PROBLEM REQUIREMENTS: Find the line with "D'Addario Prelude Bass" in the listing below. Write it out exactly, along with every later line up to the final one.

★ ★ ★ ★ ★ ★ ★

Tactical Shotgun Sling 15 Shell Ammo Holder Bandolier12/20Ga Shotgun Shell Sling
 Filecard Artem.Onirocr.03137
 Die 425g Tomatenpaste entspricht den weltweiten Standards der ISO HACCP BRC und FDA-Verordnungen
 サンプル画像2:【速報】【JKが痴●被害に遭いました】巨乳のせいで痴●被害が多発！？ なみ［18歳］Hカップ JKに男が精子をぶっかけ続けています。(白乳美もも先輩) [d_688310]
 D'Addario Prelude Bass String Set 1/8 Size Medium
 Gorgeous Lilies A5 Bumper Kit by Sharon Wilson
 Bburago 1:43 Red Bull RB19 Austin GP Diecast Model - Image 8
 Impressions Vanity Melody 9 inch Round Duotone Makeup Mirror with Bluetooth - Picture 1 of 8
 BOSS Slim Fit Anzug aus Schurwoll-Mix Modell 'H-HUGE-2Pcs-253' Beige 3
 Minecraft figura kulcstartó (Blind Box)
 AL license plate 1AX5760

★ ★ ★ ★ ★ ★ ★

SOLUTION TO THIS EXERCISE:
 D'Addario Prelude Bass String Set 1/8 Size Medium
 Gorgeous Lilies A5 Bumper Kit by Sharon Wilson
 Bburago 1:43 Red Bull RB19 Austin GP Diecast Model - Image 8
 Impressions Vanity Melody 9 inch Round Duotone Makeup Mirror with Bluetooth - Picture 1 of 8
 BOSS Slim Fit Anzug aus Schurwoll-Mix Modell 'H-HUGE-2Pcs-253' Beige 3
 Minecraft figura kulcstartó (Blind Box)
 AL license plate 1AX5760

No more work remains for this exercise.